RECORDED DATA
++++

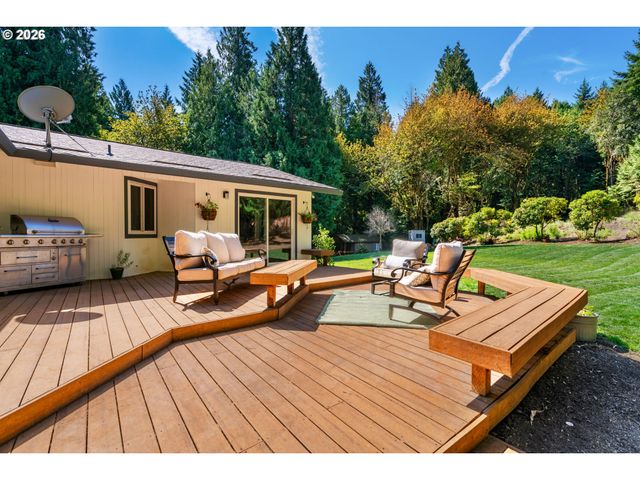 1488 Sw BORLAND Rd, West Linn, OR 97068
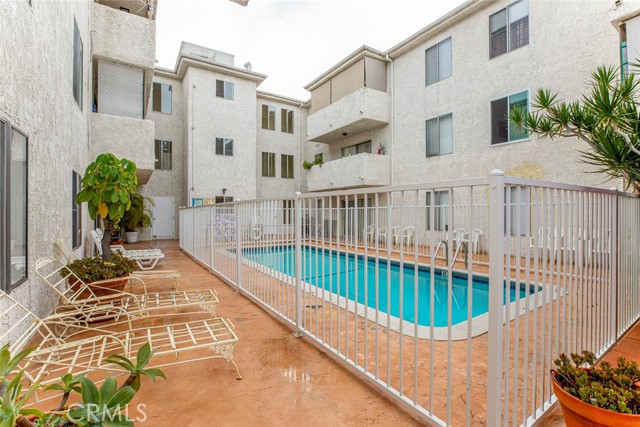 1422 Rock Glen Avenue, Glendale CA: https://media.crmls.org/medias/eb5aa39b-a2a0-472a-b3ec-52cc315e16f7.jpg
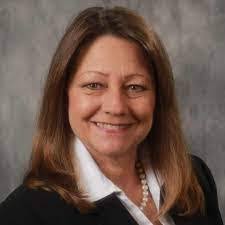 Lisa Lokey's Instagram, Twitter & Facebook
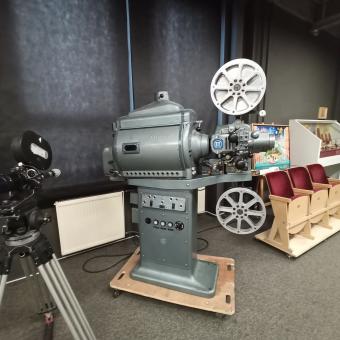 Dobová filmovací technika v ateliérech ve zlínském Kudlově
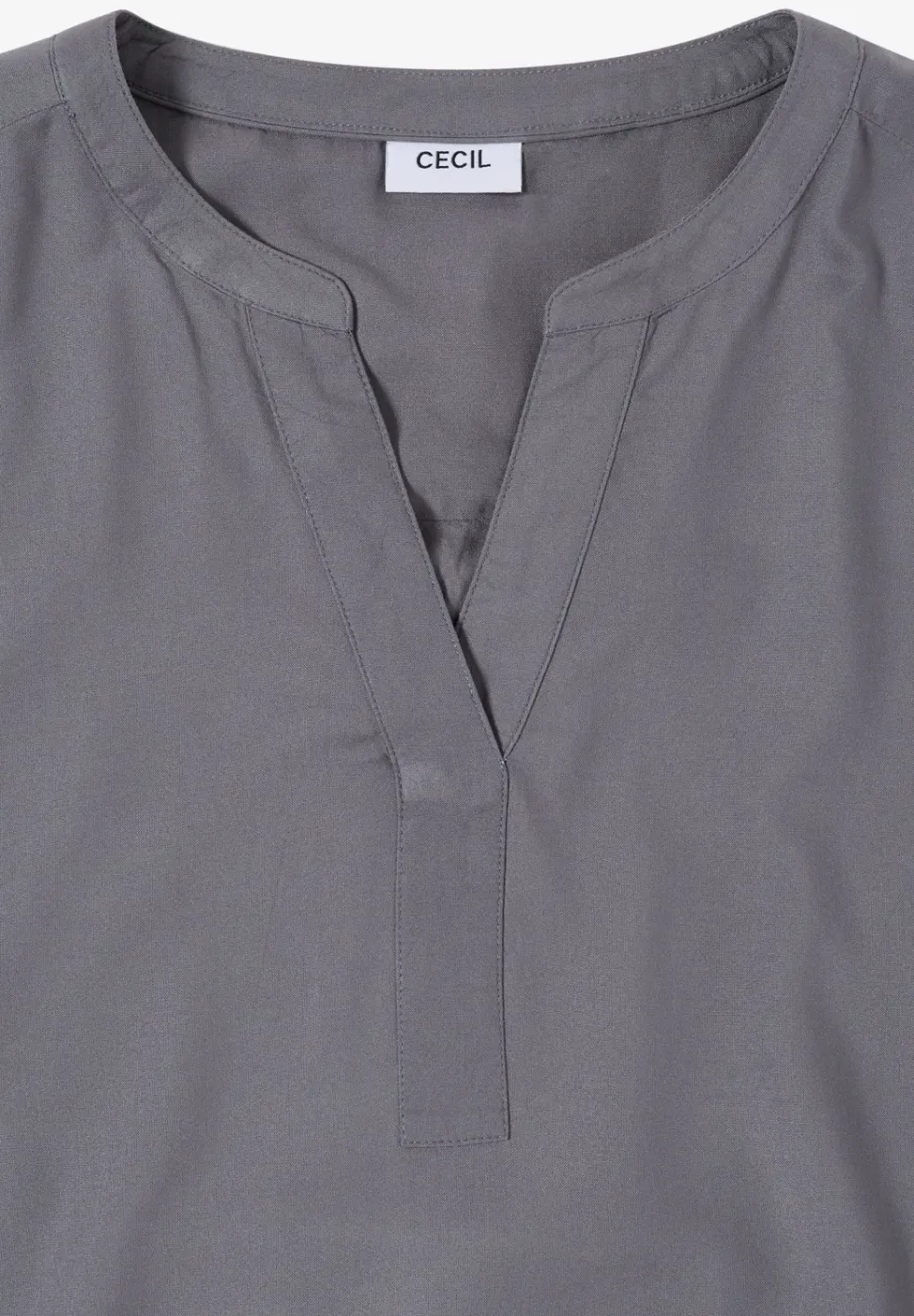 Blouse met korte mouwen en gespleten hals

++++

REQUIRED ACTION
The expected output is an exact retyping of the lines from the line with "Lisa Lokey's Instagram, Twitter & Facebook" through the last line of the data, with both ends kept and the pictures dropped.

WRITTEN ANSWER
 Lisa Lokey's Instagram, Twitter & Facebook
 Dobová filmovací technika v ateliérech ve zlínském Kudlově
 Blouse met korte mouwen en gespleten hals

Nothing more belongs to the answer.